(Short descriptive text snippets)

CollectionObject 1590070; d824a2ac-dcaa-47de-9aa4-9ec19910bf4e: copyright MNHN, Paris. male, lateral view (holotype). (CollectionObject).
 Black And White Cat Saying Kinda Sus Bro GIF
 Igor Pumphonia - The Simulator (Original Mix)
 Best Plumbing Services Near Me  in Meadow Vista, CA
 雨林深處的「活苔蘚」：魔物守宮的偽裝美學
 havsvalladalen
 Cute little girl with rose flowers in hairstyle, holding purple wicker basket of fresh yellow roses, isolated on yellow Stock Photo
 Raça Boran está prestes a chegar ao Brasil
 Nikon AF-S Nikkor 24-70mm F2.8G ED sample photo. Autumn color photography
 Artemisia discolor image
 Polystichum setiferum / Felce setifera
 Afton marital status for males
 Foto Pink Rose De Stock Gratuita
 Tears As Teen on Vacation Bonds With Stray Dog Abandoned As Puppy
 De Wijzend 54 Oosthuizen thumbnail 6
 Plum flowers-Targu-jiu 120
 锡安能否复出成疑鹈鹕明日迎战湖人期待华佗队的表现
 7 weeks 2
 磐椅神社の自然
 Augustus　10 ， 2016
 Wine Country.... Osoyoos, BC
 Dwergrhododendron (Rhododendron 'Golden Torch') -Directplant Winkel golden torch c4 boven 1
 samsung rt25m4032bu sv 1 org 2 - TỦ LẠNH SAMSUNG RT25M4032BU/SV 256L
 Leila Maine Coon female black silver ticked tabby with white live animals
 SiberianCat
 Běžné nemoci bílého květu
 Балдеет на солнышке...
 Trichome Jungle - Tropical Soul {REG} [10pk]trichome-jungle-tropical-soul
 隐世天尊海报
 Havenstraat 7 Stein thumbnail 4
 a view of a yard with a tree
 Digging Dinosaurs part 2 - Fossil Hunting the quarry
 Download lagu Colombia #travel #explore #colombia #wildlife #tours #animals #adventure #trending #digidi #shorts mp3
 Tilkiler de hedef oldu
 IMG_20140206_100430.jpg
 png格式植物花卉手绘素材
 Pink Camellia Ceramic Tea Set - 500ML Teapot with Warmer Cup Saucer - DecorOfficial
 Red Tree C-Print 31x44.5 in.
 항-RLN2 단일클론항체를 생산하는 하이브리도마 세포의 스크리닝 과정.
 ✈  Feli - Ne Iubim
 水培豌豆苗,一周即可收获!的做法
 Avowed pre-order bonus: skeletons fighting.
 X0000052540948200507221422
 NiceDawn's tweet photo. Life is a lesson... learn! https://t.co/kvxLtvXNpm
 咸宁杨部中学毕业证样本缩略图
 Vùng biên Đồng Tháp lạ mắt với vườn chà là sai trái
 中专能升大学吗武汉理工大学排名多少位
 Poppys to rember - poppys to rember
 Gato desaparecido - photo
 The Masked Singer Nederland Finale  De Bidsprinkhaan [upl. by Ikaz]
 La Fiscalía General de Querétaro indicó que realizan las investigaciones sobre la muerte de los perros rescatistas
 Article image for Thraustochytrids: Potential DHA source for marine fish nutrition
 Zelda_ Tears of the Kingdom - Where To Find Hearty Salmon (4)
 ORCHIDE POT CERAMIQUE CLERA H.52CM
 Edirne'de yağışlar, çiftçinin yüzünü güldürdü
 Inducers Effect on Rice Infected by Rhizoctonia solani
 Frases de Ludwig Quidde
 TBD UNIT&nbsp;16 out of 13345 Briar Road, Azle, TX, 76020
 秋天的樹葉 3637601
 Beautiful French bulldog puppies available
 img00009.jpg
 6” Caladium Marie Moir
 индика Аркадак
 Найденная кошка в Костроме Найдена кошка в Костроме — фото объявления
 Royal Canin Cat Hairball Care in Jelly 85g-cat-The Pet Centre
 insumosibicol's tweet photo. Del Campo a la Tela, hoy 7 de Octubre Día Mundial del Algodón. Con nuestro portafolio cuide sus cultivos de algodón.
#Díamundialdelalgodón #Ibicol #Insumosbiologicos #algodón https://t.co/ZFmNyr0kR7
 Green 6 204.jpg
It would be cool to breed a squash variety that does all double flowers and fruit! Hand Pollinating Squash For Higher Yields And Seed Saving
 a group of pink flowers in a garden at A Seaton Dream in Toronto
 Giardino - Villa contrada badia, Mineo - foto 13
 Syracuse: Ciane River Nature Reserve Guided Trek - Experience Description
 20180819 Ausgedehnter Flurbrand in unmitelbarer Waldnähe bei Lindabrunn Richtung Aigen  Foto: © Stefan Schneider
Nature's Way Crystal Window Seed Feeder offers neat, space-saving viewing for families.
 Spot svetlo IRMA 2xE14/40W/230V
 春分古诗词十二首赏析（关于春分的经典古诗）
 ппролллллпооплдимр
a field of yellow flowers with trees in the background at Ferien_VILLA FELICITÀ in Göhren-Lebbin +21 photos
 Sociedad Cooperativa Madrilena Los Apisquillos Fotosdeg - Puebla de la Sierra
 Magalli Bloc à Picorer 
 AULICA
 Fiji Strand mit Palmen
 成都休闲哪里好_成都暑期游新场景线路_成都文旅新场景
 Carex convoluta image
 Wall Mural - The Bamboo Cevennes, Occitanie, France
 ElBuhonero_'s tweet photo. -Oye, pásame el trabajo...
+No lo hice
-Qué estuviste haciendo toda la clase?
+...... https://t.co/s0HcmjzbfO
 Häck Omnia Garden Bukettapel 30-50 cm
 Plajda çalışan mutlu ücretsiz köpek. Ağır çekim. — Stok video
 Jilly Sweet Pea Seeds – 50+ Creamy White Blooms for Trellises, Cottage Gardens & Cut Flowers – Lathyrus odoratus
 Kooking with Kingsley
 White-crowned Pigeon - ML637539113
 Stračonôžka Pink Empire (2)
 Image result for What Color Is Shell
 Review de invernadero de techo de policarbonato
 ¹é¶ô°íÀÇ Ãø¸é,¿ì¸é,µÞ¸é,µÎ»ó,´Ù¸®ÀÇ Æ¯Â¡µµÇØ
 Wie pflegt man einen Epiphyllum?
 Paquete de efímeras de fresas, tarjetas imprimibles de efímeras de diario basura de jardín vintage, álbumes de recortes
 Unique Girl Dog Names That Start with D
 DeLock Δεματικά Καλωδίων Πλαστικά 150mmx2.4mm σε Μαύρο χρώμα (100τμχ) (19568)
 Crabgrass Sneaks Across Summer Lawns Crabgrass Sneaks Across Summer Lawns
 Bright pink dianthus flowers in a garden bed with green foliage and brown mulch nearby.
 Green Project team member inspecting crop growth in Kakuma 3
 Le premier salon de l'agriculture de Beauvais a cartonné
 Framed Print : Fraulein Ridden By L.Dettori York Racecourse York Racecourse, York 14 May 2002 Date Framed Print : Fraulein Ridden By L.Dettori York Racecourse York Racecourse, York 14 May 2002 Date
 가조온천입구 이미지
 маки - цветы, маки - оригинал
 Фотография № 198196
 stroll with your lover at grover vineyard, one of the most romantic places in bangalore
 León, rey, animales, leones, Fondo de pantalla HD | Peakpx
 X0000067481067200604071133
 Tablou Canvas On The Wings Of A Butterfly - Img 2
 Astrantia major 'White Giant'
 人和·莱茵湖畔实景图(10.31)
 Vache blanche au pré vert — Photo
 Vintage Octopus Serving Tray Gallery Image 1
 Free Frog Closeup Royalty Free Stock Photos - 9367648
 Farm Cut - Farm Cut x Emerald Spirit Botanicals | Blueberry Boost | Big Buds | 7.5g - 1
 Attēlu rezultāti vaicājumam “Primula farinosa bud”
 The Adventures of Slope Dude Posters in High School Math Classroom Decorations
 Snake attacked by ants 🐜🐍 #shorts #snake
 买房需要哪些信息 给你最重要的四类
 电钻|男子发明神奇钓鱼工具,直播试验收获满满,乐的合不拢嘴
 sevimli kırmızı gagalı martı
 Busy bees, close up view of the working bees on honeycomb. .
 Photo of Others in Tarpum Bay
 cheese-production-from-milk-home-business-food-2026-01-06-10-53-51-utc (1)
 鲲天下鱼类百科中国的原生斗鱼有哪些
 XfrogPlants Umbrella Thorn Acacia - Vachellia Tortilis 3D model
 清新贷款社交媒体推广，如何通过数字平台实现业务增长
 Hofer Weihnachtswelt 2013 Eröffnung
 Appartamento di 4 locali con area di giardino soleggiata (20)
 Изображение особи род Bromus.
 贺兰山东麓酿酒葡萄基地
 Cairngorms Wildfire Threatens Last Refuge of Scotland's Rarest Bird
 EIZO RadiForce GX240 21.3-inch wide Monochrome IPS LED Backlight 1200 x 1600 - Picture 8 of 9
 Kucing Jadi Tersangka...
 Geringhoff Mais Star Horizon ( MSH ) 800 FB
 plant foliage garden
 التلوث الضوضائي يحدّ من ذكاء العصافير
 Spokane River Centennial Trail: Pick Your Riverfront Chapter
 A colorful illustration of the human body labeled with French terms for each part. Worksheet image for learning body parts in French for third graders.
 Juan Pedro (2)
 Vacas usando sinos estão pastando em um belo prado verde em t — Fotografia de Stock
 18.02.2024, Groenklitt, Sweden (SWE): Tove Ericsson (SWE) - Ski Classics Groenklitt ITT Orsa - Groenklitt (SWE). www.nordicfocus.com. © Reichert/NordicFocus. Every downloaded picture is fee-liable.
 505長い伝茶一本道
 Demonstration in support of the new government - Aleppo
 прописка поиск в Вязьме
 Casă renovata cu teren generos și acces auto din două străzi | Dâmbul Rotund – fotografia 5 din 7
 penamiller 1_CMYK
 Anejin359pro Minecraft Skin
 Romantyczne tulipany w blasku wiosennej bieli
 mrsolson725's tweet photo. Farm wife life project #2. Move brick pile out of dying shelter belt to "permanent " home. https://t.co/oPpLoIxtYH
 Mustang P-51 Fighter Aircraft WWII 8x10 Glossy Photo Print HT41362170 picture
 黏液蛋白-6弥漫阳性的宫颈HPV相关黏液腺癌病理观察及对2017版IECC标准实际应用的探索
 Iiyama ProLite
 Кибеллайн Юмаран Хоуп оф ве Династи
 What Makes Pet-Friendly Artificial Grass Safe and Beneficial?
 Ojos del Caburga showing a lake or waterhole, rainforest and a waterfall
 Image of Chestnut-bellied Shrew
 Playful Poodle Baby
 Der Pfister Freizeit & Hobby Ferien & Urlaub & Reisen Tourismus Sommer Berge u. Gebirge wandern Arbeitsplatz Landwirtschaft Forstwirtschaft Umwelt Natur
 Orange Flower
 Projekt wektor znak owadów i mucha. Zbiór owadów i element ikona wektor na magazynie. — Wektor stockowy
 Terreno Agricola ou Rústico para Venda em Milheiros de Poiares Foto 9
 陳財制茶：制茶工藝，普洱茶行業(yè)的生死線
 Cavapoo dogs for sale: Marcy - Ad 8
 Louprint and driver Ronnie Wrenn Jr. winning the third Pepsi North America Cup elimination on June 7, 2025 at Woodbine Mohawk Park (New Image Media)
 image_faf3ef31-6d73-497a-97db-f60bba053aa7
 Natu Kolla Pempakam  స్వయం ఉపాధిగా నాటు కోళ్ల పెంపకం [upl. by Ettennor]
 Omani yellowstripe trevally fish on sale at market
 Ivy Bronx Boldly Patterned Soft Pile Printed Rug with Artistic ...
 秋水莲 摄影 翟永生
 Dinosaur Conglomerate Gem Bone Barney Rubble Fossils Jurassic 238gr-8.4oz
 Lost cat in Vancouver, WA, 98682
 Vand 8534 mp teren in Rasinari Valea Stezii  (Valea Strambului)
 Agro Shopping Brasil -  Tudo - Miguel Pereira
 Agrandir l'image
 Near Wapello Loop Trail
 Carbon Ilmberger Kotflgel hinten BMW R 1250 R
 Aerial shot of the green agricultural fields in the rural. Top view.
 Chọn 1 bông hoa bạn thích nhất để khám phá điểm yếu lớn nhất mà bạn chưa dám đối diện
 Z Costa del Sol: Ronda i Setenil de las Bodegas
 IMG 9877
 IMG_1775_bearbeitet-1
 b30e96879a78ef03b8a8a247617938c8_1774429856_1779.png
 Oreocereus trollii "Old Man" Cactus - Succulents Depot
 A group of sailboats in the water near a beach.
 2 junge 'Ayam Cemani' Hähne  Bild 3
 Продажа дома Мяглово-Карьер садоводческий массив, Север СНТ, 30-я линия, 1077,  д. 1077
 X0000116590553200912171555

> _TO DO_
Working from the data above, extract solely the lines from the one containing "Geringhoff Mais Star Horizon ( MSH ) 800 FB" through the one containing "Ojos del Caburga", exactly as they appear, both included.

> _SOLUTION FOR THIS PROBLEM_
 Geringhoff Mais Star Horizon ( MSH ) 800 FB
 plant foliage garden
 التلوث الضوضائي يحدّ من ذكاء العصافير
 Spokane River Centennial Trail: Pick Your Riverfront Chapter
 A colorful illustration of the human body labeled with French terms for each part. Worksheet image for learning body parts in French for third graders.
 Juan Pedro (2)
 Vacas usando sinos estão pastando em um belo prado verde em t — Fotografia de Stock
 18.02.2024, Groenklitt, Sweden (SWE): Tove Ericsson (SWE) - Ski Classics Groenklitt ITT Orsa - Groenklitt (SWE). www.nordicfocus.com. © Reichert/NordicFocus. Every downloaded picture is fee-liable.
 505長い伝茶一本道
 Demonstration in support of the new government - Aleppo
 прописка поиск в Вязьме
 Casă renovata cu teren generos și acces auto din două străzi | Dâmbul Rotund – fotografia 5 din 7
 penamiller 1_CMYK
 Anejin359pro Minecraft Skin
 Romantyczne tulipany w blasku wiosennej bieli
 mrsolson725's tweet photo. Farm wife life project #2. Move brick pile out of dying shelter belt to "permanent " home. https://t.co/oPpLoIxtYH
 Mustang P-51 Fighter Aircraft WWII 8x10 Glossy Photo Print HT41362170 picture
 黏液蛋白-6弥漫阳性的宫颈HPV相关黏液腺癌病理观察及对2017版IECC标准实际应用的探索
 Iiyama ProLite
 Кибеллайн Юмаран Хоуп оф ве Династи
 What Makes Pet-Friendly Artificial Grass Safe and Beneficial?
 Ojos del Caburga showing a lake or waterhole, rainforest and a waterfall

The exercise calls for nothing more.